Aim of the exercise
Please reproduce the entries that follow without a single difference.

--- Material shown Enclosed Below ---

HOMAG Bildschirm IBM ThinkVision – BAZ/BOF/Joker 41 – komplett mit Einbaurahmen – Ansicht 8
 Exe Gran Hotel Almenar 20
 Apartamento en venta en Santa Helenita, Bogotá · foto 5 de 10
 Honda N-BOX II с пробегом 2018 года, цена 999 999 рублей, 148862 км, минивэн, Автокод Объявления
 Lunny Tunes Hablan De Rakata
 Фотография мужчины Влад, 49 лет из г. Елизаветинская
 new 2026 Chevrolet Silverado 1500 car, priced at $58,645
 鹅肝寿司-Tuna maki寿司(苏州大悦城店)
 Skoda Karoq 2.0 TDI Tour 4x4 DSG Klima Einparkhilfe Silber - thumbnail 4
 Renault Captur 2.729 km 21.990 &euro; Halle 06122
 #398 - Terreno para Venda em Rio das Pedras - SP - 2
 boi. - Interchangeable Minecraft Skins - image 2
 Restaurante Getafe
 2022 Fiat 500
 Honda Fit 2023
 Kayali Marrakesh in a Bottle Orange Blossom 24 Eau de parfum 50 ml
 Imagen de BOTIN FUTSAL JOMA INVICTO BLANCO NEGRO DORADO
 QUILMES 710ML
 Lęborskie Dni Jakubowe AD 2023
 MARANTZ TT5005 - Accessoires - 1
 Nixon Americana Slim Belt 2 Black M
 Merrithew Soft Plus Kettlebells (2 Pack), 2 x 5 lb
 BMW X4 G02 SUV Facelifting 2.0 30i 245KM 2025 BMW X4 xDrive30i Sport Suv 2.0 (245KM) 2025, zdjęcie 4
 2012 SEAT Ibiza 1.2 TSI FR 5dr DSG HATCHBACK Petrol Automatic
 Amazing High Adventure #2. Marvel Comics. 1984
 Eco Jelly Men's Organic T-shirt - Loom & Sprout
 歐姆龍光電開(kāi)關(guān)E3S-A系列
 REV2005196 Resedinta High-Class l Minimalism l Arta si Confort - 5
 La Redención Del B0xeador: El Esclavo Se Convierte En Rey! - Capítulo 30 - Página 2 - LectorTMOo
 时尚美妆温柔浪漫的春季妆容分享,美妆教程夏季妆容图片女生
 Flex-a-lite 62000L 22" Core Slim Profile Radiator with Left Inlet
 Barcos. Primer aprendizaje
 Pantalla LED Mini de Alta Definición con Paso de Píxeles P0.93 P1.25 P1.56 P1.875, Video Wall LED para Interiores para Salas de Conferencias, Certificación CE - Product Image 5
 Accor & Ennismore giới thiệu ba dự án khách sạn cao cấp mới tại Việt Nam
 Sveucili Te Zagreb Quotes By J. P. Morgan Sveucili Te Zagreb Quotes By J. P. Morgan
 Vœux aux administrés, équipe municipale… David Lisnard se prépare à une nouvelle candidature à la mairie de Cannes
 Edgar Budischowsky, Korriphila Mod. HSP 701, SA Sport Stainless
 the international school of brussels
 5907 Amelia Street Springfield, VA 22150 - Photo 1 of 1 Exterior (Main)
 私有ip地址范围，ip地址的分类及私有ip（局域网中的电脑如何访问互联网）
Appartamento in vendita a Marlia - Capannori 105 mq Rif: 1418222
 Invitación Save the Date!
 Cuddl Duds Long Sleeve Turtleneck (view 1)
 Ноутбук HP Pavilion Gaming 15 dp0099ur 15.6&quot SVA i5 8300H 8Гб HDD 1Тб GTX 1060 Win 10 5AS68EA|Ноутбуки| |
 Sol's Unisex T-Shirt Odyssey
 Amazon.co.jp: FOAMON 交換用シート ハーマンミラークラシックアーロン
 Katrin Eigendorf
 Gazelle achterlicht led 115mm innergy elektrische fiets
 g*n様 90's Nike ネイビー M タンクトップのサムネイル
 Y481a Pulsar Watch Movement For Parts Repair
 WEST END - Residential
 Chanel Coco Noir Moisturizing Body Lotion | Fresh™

--- End of Enclosed Material shown ---

Exercise solution
HOMAG Bildschirm IBM ThinkVision – BAZ/BOF/Joker 41 – komplett mit Einbaurahmen – Ansicht 8
 Exe Gran Hotel Almenar 20
 Apartamento en venta en Santa Helenita, Bogotá · foto 5 de 10
 Honda N-BOX II с пробегом 2018 года, цена 999 999 рублей, 148862 км, минивэн, Автокод Объявления
 Lunny Tunes Hablan De Rakata
 Фотография мужчины Влад, 49 лет из г. Елизаветинская
 new 2026 Chevrolet Silverado 1500 car, priced at $58,645
 鹅肝寿司-Tuna maki寿司(苏州大悦城店)
 Skoda Karoq 2.0 TDI Tour 4x4 DSG Klima Einparkhilfe Silber - thumbnail 4
 Renault Captur 2.729 km 21.990 &euro; Halle 06122
 #398 - Terreno para Venda em Rio das Pedras - SP - 2
 boi. - Interchangeable Minecraft Skins - image 2
 Restaurante Getafe
 2022 Fiat 500
 Honda Fit 2023
 Kayali Marrakesh in a Bottle Orange Blossom 24 Eau de parfum 50 ml
 Imagen de BOTIN FUTSAL JOMA INVICTO BLANCO NEGRO DORADO
 QUILMES 710ML
 Lęborskie Dni Jakubowe AD 2023
 MARANTZ TT5005 - Accessoires - 1
 Nixon Americana Slim Belt 2 Black M
 Merrithew Soft Plus Kettlebells (2 Pack), 2 x 5 lb
 BMW X4 G02 SUV Facelifting 2.0 30i 245KM 2025 BMW X4 xDrive30i Sport Suv 2.0 (245KM) 2025, zdjęcie 4
 2012 SEAT Ibiza 1.2 TSI FR 5dr DSG HATCHBACK Petrol Automatic
 Amazing High Adventure #2. Marvel Comics. 1984
 Eco Jelly Men's Organic T-shirt - Loom & Sprout
 歐姆龍光電開(kāi)關(guān)E3S-A系列
 REV2005196 Resedinta High-Class l Minimalism l Arta si Confort - 5
 La Redención Del B0xeador: El Esclavo Se Convierte En Rey! - Capítulo 30 - Página 2 - LectorTMOo
 时尚美妆温柔浪漫的春季妆容分享,美妆教程夏季妆容图片女生
 Flex-a-lite 62000L 22" Core Slim Profile Radiator with Left Inlet
 Barcos. Primer aprendizaje
 Pantalla LED Mini de Alta Definición con Paso de Píxeles P0.93 P1.25 P1.56 P1.875, Video Wall LED para Interiores para Salas de Conferencias, Certificación CE - Product Image 5
 Accor & Ennismore giới thiệu ba dự án khách sạn cao cấp mới tại Việt Nam
 Sveucili Te Zagreb Quotes By J. P. Morgan Sveucili Te Zagreb Quotes By J. P. Morgan
 Vœux aux administrés, équipe municipale… David Lisnard se prépare à une nouvelle candidature à la mairie de Cannes
 Edgar Budischowsky, Korriphila Mod. HSP 701, SA Sport Stainless
 the international school of brussels
 5907 Amelia Street Springfield, VA 22150 - Photo 1 of 1 Exterior (Main)
 私有ip地址范围，ip地址的分类及私有ip（局域网中的电脑如何访问互联网）
Appartamento in vendita a Marlia - Capannori 105 mq Rif: 1418222
 Invitación Save the Date!
 Cuddl Duds Long Sleeve Turtleneck (view 1)
 Ноутбук HP Pavilion Gaming 15 dp0099ur 15.6&quot SVA i5 8300H 8Гб HDD 1Тб GTX 1060 Win 10 5AS68EA|Ноутбуки| |
 Sol's Unisex T-Shirt Odyssey
 Amazon.co.jp: FOAMON 交換用シート ハーマンミラークラシックアーロン
 Katrin Eigendorf
 Gazelle achterlicht led 115mm innergy elektrische fiets
 g*n様 90's Nike ネイビー M タンクトップのサムネイル
 Y481a Pulsar Watch Movement For Parts Repair
 WEST END - Residential
 Chanel Coco Noir Moisturizing Body Lotion | Fresh™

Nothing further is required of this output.